START MATERIAL PROVIDED

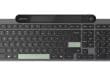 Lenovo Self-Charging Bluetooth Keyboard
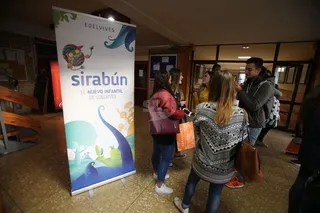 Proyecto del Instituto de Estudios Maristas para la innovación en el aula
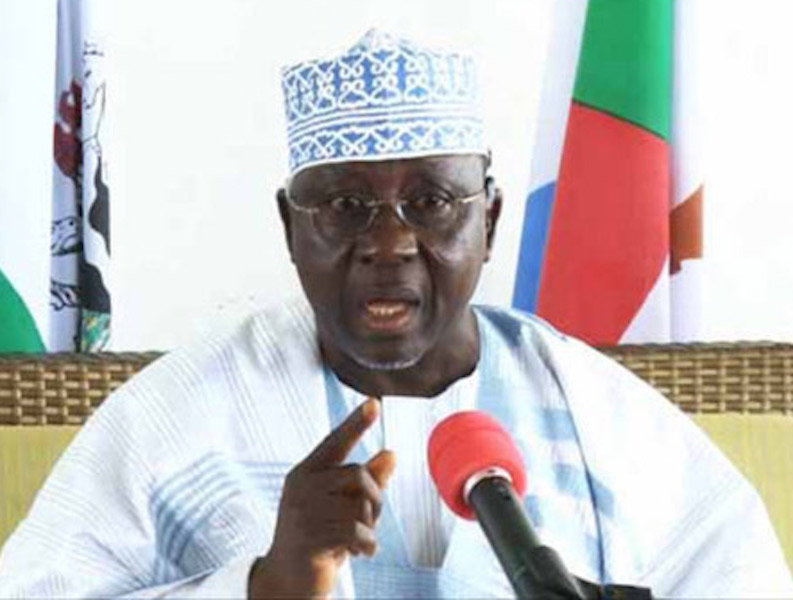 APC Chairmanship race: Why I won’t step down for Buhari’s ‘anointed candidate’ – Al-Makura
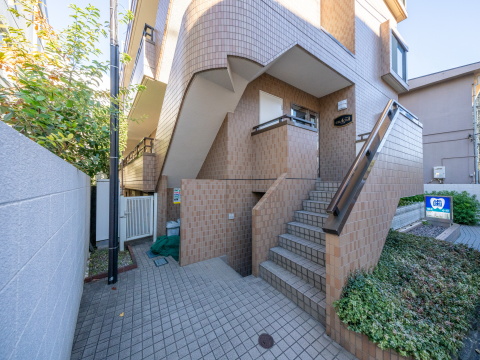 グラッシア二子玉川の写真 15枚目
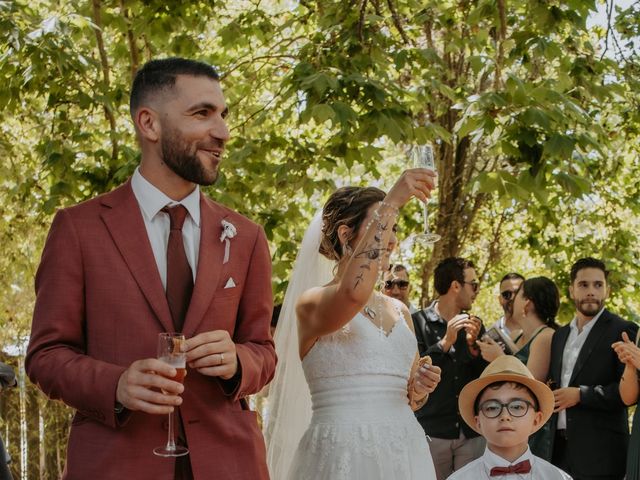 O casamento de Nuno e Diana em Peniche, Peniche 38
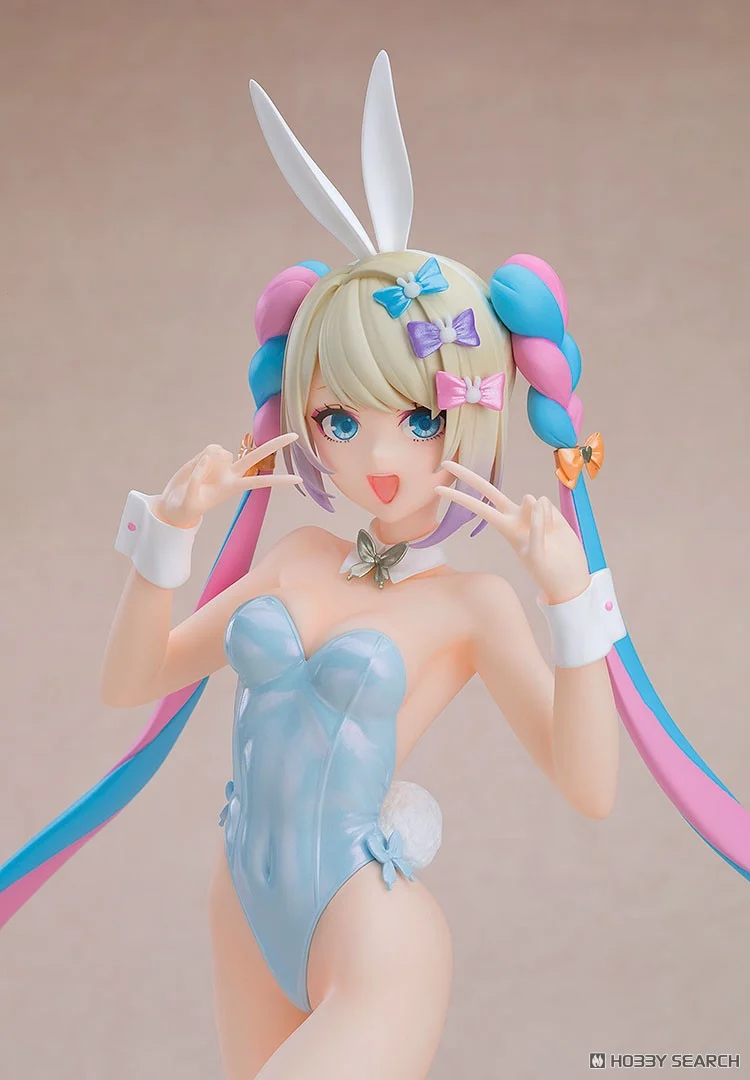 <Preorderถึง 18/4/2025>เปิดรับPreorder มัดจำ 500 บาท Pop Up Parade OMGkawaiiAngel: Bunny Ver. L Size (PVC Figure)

END MATERIAL PROVIDED

* **WORK ITEM**:
Restate the data above word for word, so that the only difference is the missing pictures.

* **FINISHED EXERCISE**:
 Lenovo Self-Charging Bluetooth Keyboard
 Proyecto del Instituto de Estudios Maristas para la innovación en el aula
 APC Chairmanship race: Why I won’t step down for Buhari’s ‘anointed candidate’ – Al-Makura
 グラッシア二子玉川の写真 15枚目
 O casamento de Nuno e Diana em Peniche, Peniche 38
 <Preorderถึง 18/4/2025>เปิดรับPreorder มัดจำ 500 บาท Pop Up Parade OMGkawaiiAngel: Bunny Ver. L Size (PVC Figure)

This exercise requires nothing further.